I traced the elegant lines of the bones and tendons in her hand. “I’d already fallen for you, despite what I said to Kieran. I didn’t know it wasn’t only lust and obsession. That I was already deeply and madly in love with you—your stubbornness and bravery, your kindness, and that delightful vicious streak that runs deep in you.” I grinned. “I just didn’t know that was what I was feeling because love…it wasn’t something I thought I deserved. Not after all my mistakes, the lives I’d taken, and the pain I’d caused others—the pain I caused you. The agony my actions were still going to bring you. It wasn’t even that I thought you’d never forgive me. It was that I couldn’t be forgiven and…” I trailed off, thinking about my brother and what he’d said about not telling Millicent they were heartmates.

My chest constricted. That was likely what drove Malik’s choice. He believed she couldn’t understand or forgive the things he’d done. That he wasn’t worthy of her love—of anyone’s, really. And despite our issues, that made me hurt for him.

I blew out a breath, forcing the tightness in my chest to loosen. “I hated seeing you in that cell, and I loathed leaving you there. Delano and Naill were to move you as soon as they could. They had to wait till they believed Jericho had left.” My lips thinned. “And for others in the keep to be occupied. They didn’t want to run the risk of being seen while moving you because New Haven had become a powder keg—more so than we even realized.”

A warm breeze rolled in through the window, playing with the strands of her hair. “I rode to Berkton as fast as I could, pushing Setti to his limits in that weather. The snow had eased off, but I knew I didn’t have long before it picked up again. When I arrived at the old manor, I…”

I really had no idea what I would have done if it had been my father there.

“Alastir was there, not the King. He’d convinced my father to remain in Atlantia because it was too much of a risk for him to be that deep in Solis. You already know that, but the relief I felt? I could’ve fallen to my knees. Alastir…he was a traitorous bastard at the end, and fuck him, but to this day, I’m glad he came.” I lifted her hand and pressed a kiss to the top.

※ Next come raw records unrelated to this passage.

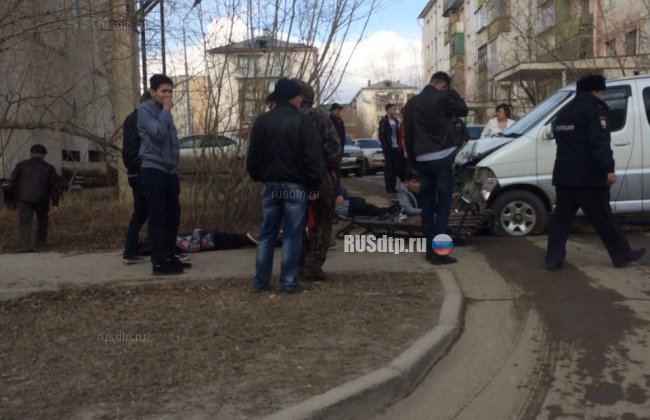 В Якутии водитель микроавтобуса врезался в остановку с людьми. Погиб ребенок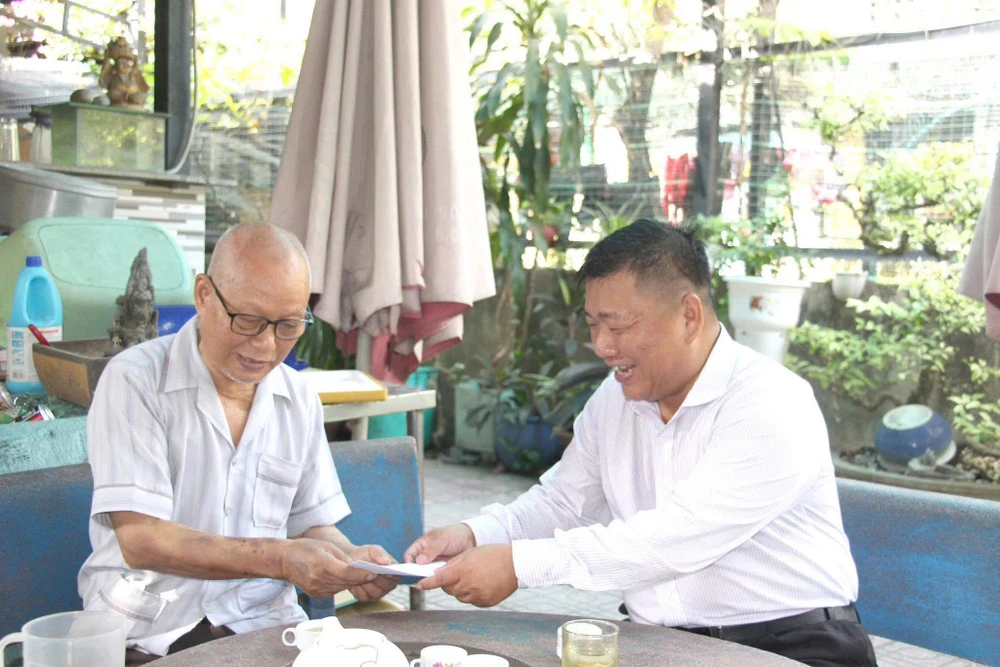 người có công (3).jpg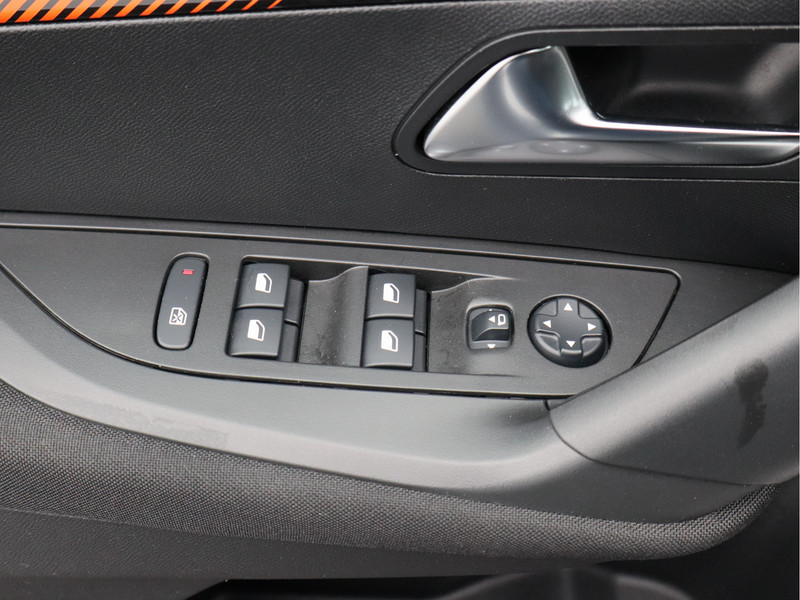 Peugeot 2008 1.2 PureTech Blue Lease Active/ lage km!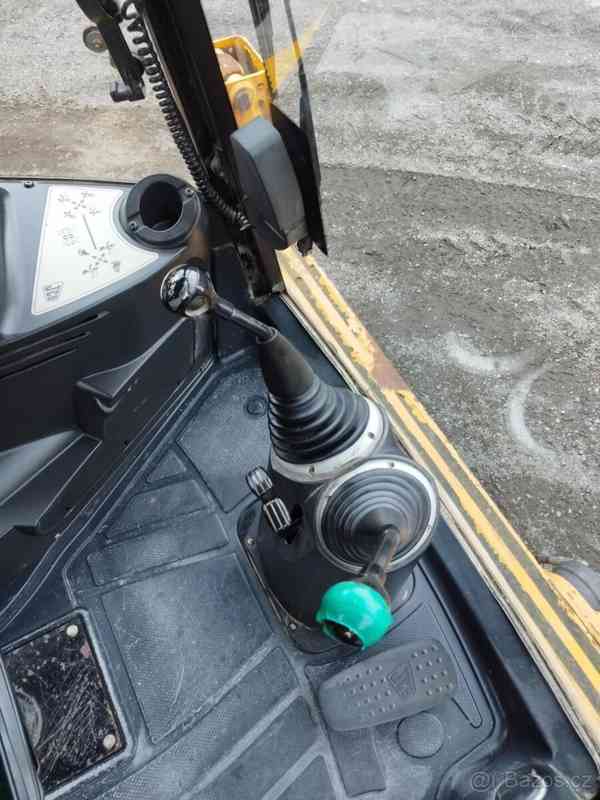 Ostatní JCB 3CX Traktorbagr 2008 - foto 4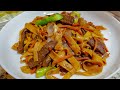 نودلز اللحم الصيني بالخضار بطريقتي الخاصة Chinese Noodles With Beef And Veggies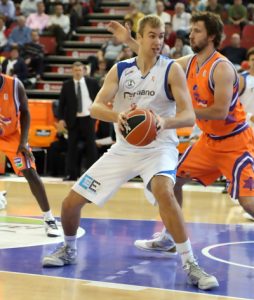 Andriuskevicius, dos años más en Meridiano Alicante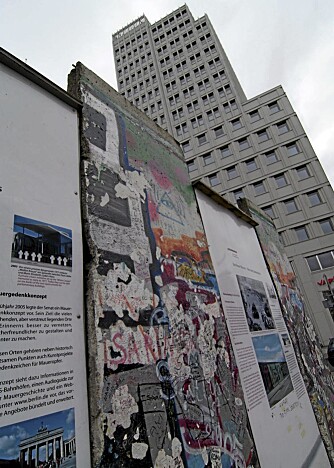 BERLIN: Bare små deler av muren gjenstår i bybildet.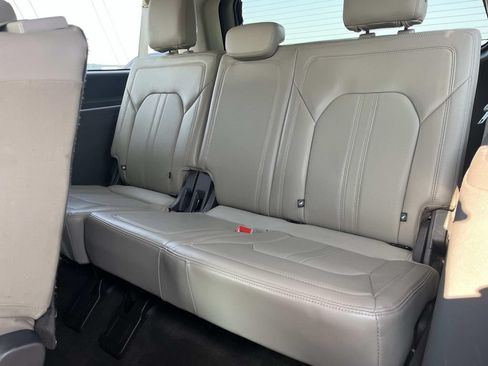 Used 2019 Ford Expedition Max Limited w/ Driver Assistance Package RWD image 24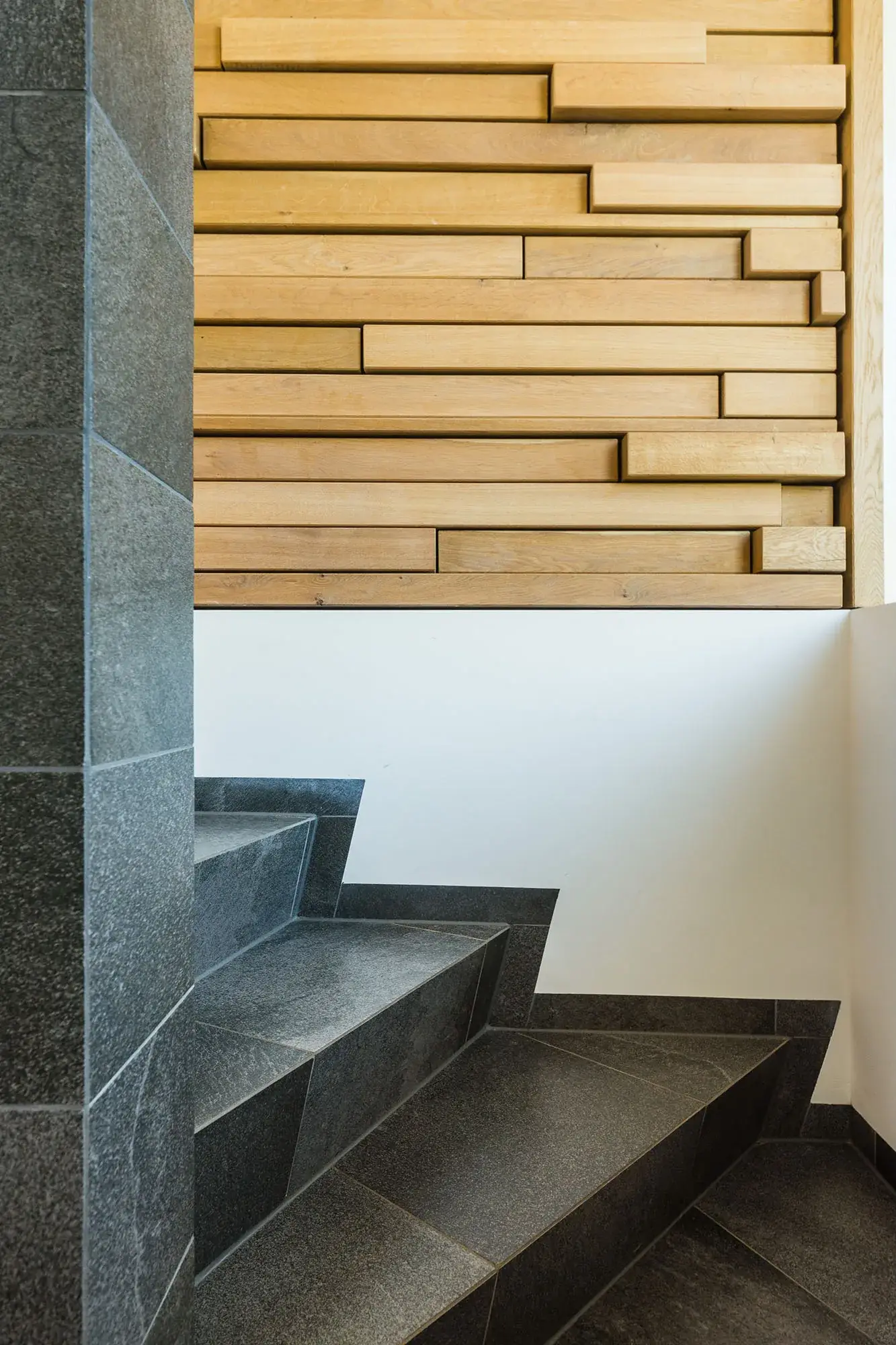 Bürosanierung im Odenwald, Erbach – Treppe und Holzwand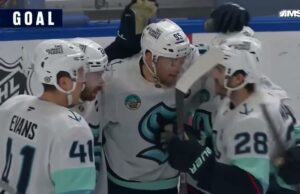 Andre Burakovsky con un gol contra Buffalo Sabres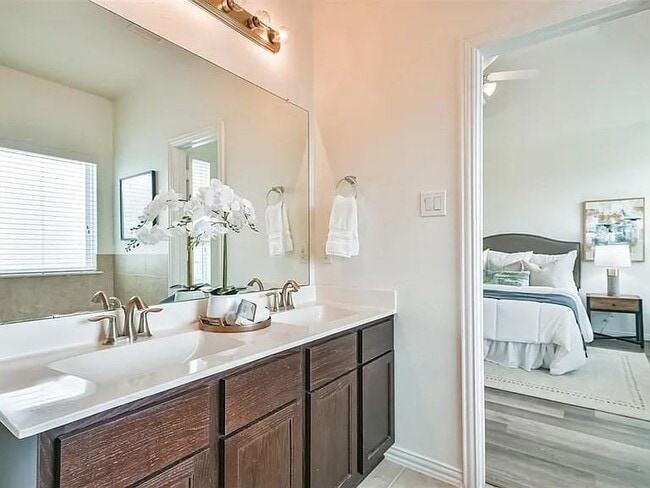 Building Photo - 2125 Sand Ridge Dr
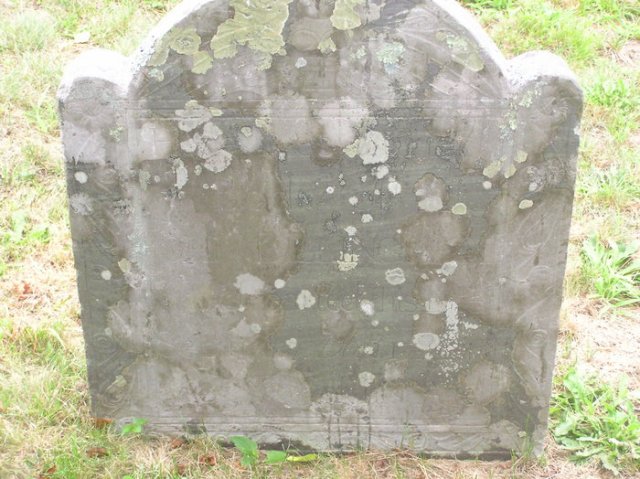 Here Lyes buried the body of Mr John Dillingham who departed this life SEPth 11th Anno Domni 1746 in ye 83d year of his age
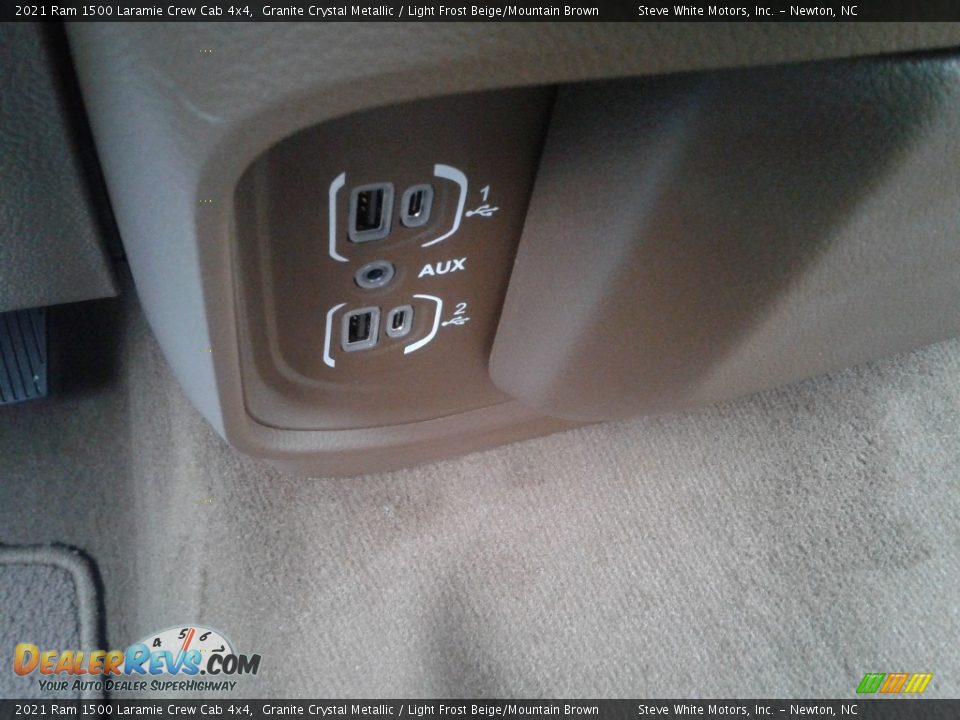 2021 Ram 1500 Laramie Crew Cab 4x4 Granite Crystal Metallic / Light Frost Beige/Mountain Brown Photo #25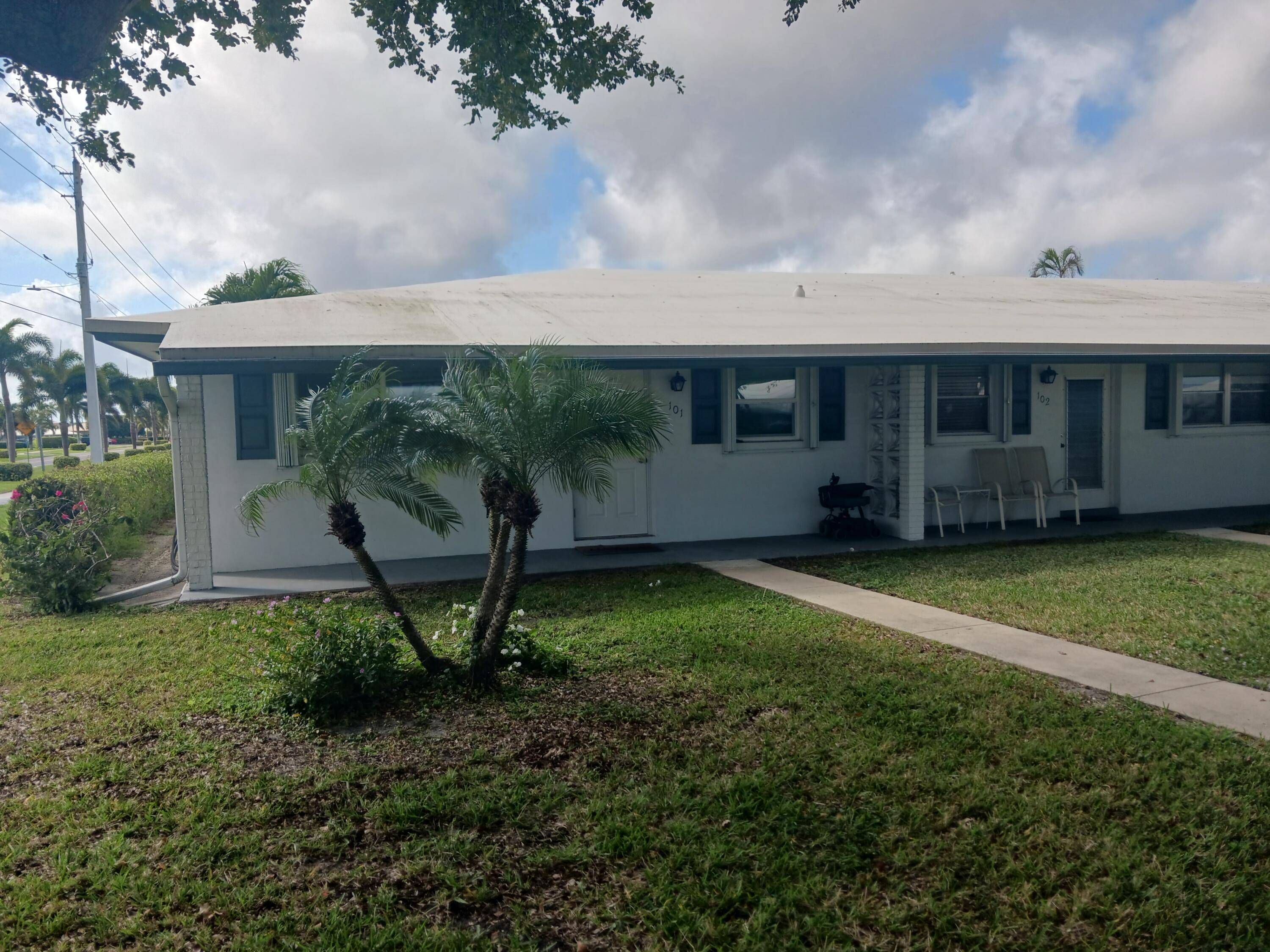 Fall in love with this 2Br 2Ba corner villa is ideally located walking distance to community pool, 3 clubhouses, FREE 18 hole Par 3 golf,.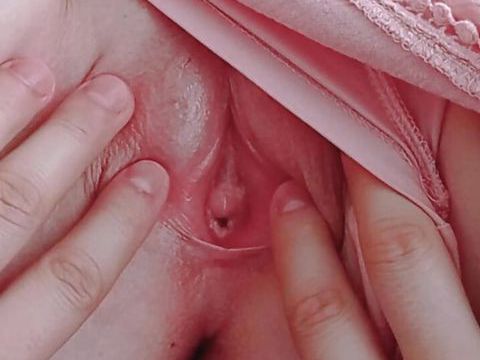 UhEbony presents: Touching petite pussy under shorts
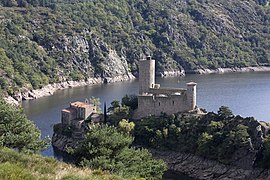 Vista del castiellu de Grangent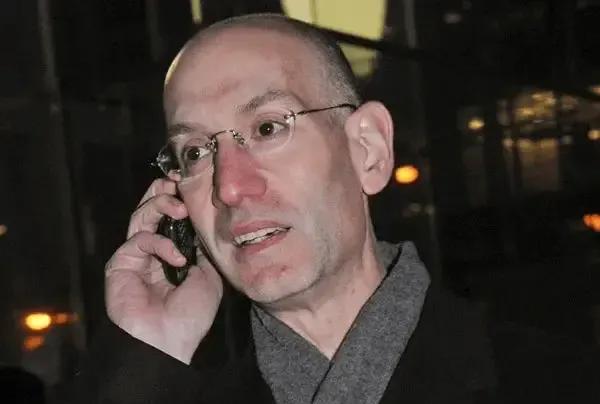 肖华控制的联盟现在真的是演都不演了，从裁判控场到抽签，以前福斯特时代虽然外界都猜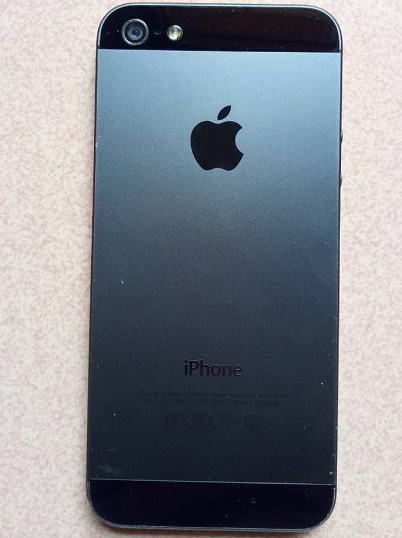 200元入的品相非常好的iPhone5，觉得赚来到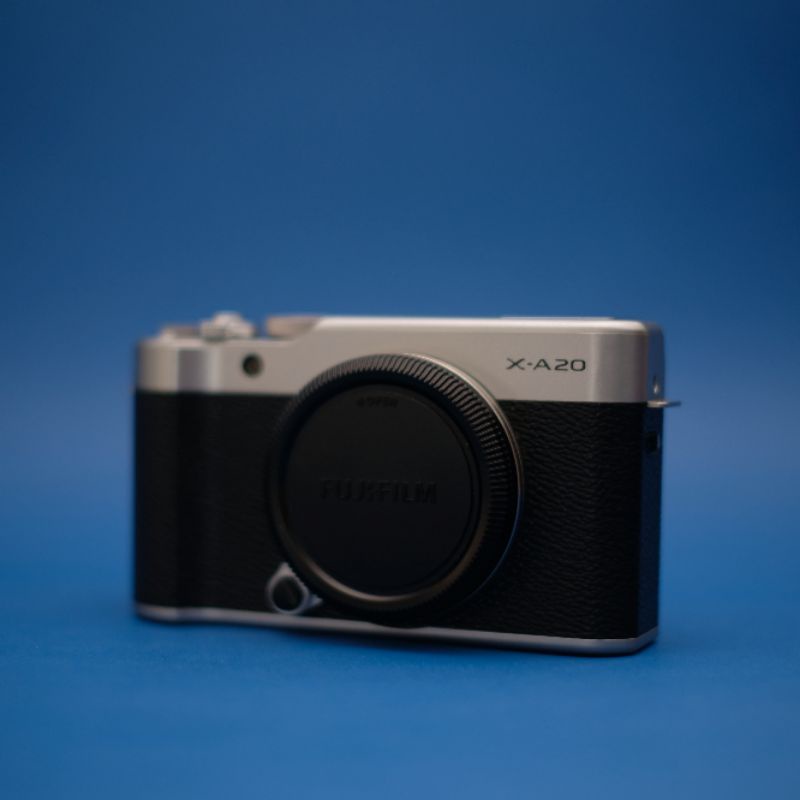 FUJIFILM XA20 BO Body Only Kamera Mirrorless
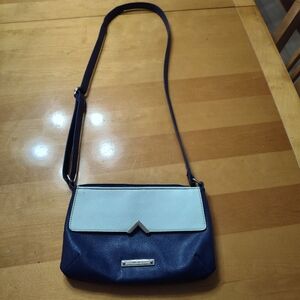 Elegant Navy and Cream Shoulder Bag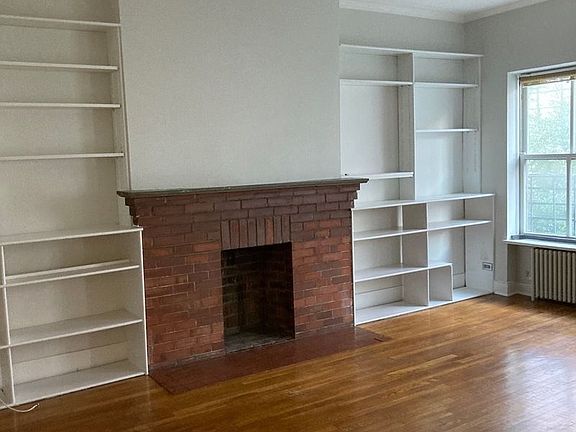 3rd image of 426 Hudson St #4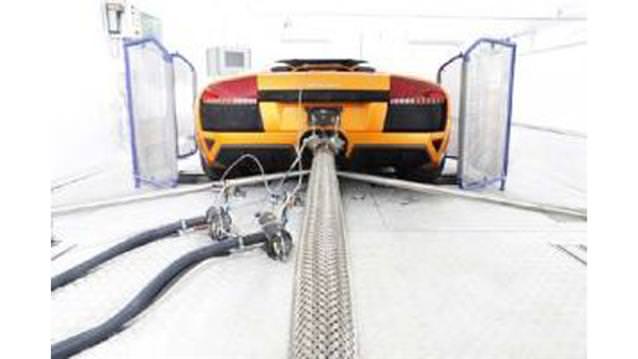 Lamborghini de modaya uydu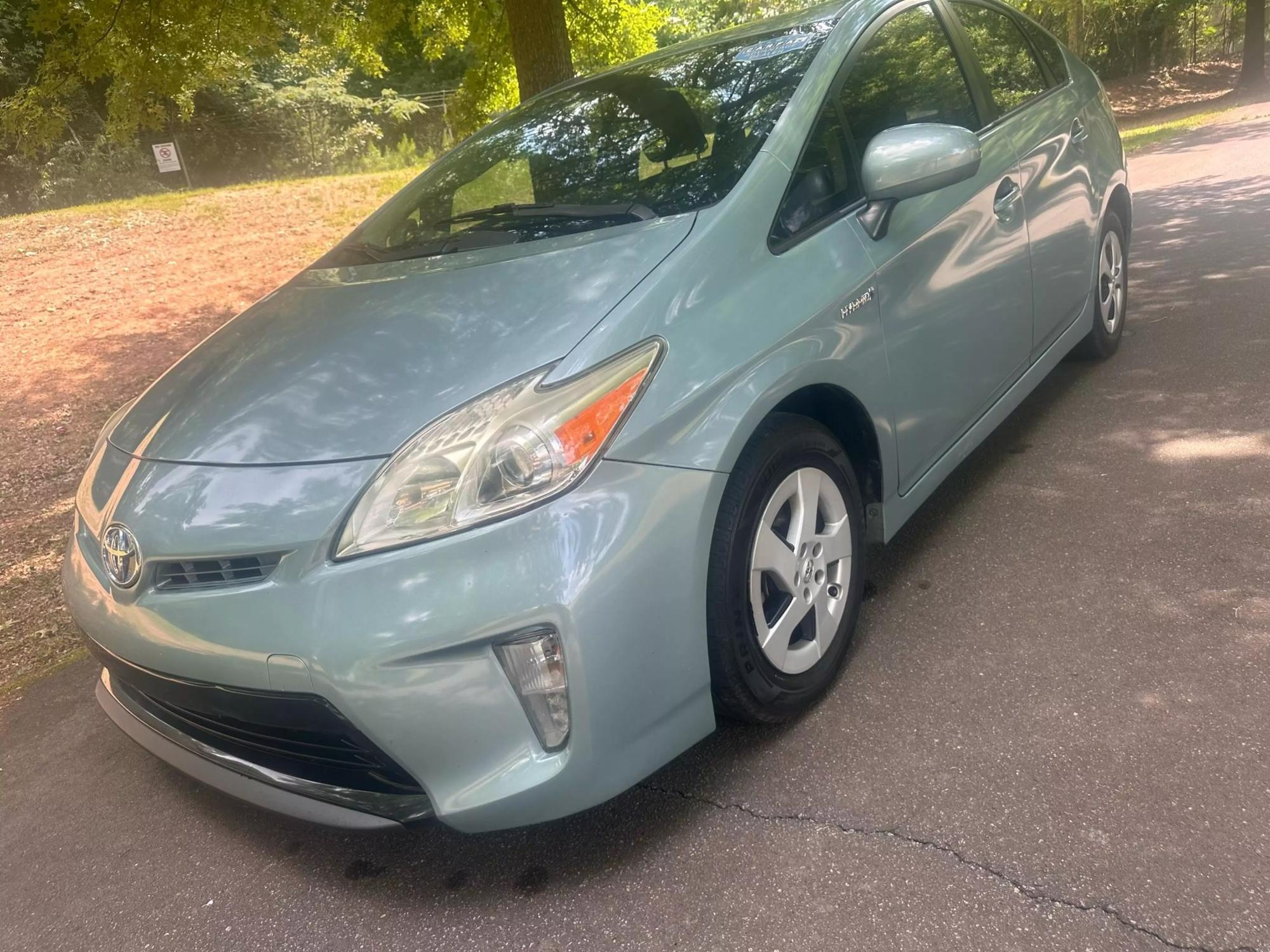 2013 Toyota Prius One photo 23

“I was able to convince him that I had things handled and that the roads were too bad for his group to travel.” I glanced at the closed doors. “Emil helped there, being his ridiculous self. And Alastir? He didn’t push me. Wouldn’t. Honestly? I think the delay was a relief to him. You see, he didn’t know who you really were then. All he knew was that he was about to go and do something I’m not sure he wanted to do—something he’d assured my father he would do.”

I mulled that over, reconciling the Alastir I had grown up with, with the one who had killed. Who had ultimately betrayed us. “I used to think it was because he was a good—sometimes irritating—man. Now, I realize he just didn’t want more innocent blood on his hands. But that was before he saw who you were.”

My smile faded. “If my father had been there? He would’ve ridden to New Haven anyway, and I don’t know if I would’ve been able to change his mind,” I admitted in the quiet. “But I do know I would not have allowed him to hurt you.”

Turning her hand, I kissed the golden imprint. “I would’ve gotten people banished. Others killed. I would’ve split the kingdom.” The truth tasted like ash on my tongue. “I would’ve killed him,” I whispered. “Honest to gods, even then, before I could really understand what I felt for you—that you were my soul—I would’ve killed him.”

I lowered her hand. “But that didn’t happen. I got lucky there, but the luck didn’t last.” I soaked in the sight of the pink slowly returning to her cheeks, even as the image of her bloodless body being handed to me filled my mind, a memory I wouldn’t forget.

The breath I took burned a little. “The fear I felt when word of your attack reached me on the way back to the keep? I should’ve known then. Kieran did.” I threaded my fingers through hers. “More so than before. He saw my panic, what I was willing to do to save you. Anyone else? Kieran would’ve destroyed them for stabbing me. But you? Don’t get me wrong. There was a moment when instinct took over. You hurt me. That initial response is beyond his control. But me stopping him wasn’t the reason he didn’t give in to it. He knew. That was why he let you live.” I squeezed her hand. “He already knew that I was in love with you.”